Fossil fuel sympathizing defeatists say 'China will just buy coal from someone else!' Why not make some money? They are like slightly self-conscious drug dealers. The truth is PRB coal exports threaten to bolster long term supply and demand for coal, altering energy investment decisions and undermining policies to promote efficiency and renewables. Relatively cheaper and more available coal encourages more coal use now, and it also encourages investment in more coal plant construction. The incessant rise of global coal demand is a fallacy, although a hopeful self-serving prophecy for Peabody and Arch Coal.

PRB coal exports go against policies that aim to reduce coal demand and promote renewables, which already exist in Asia. Endless coal demand in China is a myth, whether or not U.S. coal exporters ever get their permits.

We are beating coal in the United States. When plausible coal plant closures are calculated in terms of domestic U.S. demand, coal use will fall by hundreds of millions of tons of coal.

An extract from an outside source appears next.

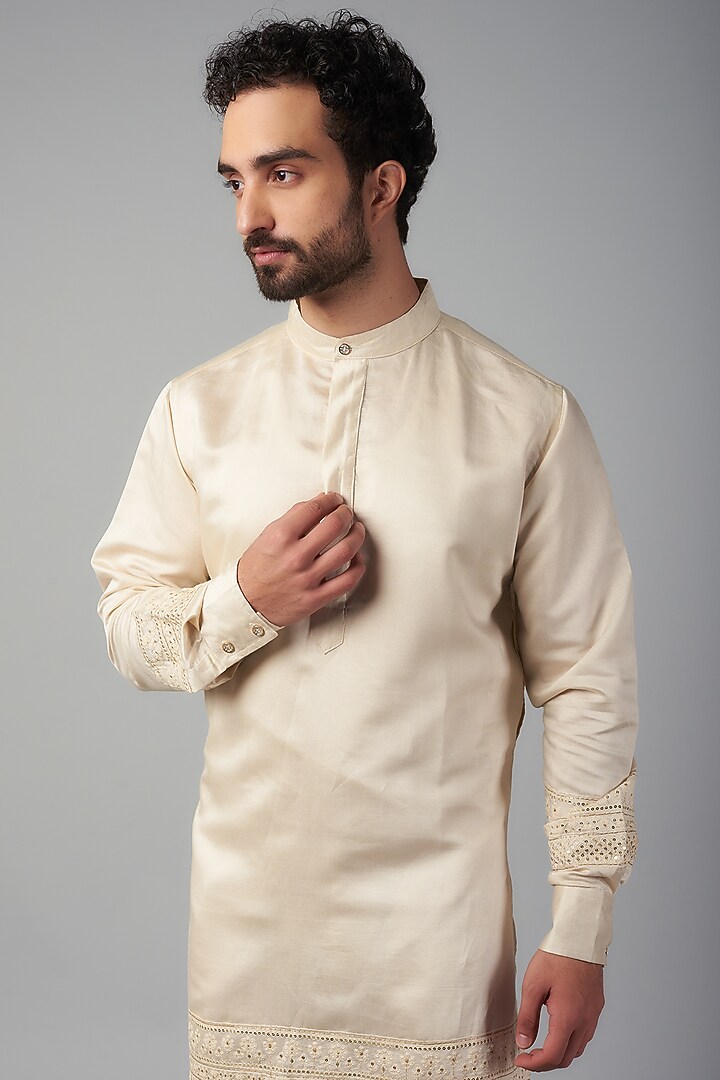 Cream Cotton Silk Applique Embroidered Kurta Set For Boys by Spring Break- Kids at Pernia's Pop Up Shop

But port expansion proposals across the country on the table far overwhelm this potential public health success. If coal exporters get their way, all type of pollution from burning American coal would increase. That means not just more CO2, SO2 and mercury, but more arsenic, acid gases, nitrous oxide, soot, lead, selenium, chromium, and ozone (smog). Yes, coal is dirty.

The most important role the federal government plays is selling this taxpayer-owned coal to profit-seeking industry, and it already has sold billions of tons. The Obama White House and Interior Department chose to expand the fire sale. This is why the executive directors of 21 organizations, from the Physicians for Social Responsibility to Sierra Club, asked the Secretary of Interior to put a moratorium on coal leasing. But the rest of the government doesn't have to be complicit.

  • The Army Corps of Engineers could deny permits to coal export infrastructure projects, such as dredging for ports.
  • EPA could cry foul on these projects under the Endangered Species Act, Clean Water Act, Clean Air Act, and other laws.
  • The Department of Transportation could reconsider public funding for infrastructure predominantly used by coal exporters, such as railway crossings and harbors going westward from the PRB.
  • Members of Congress, particularly those Members who sit on committees with oversight of the above agencies, could publicly call that agency decisions favor climate and public health instead of giving coal exporters favor.
  • The President's advisers might realize supporting coal exports is bad for voting constituents.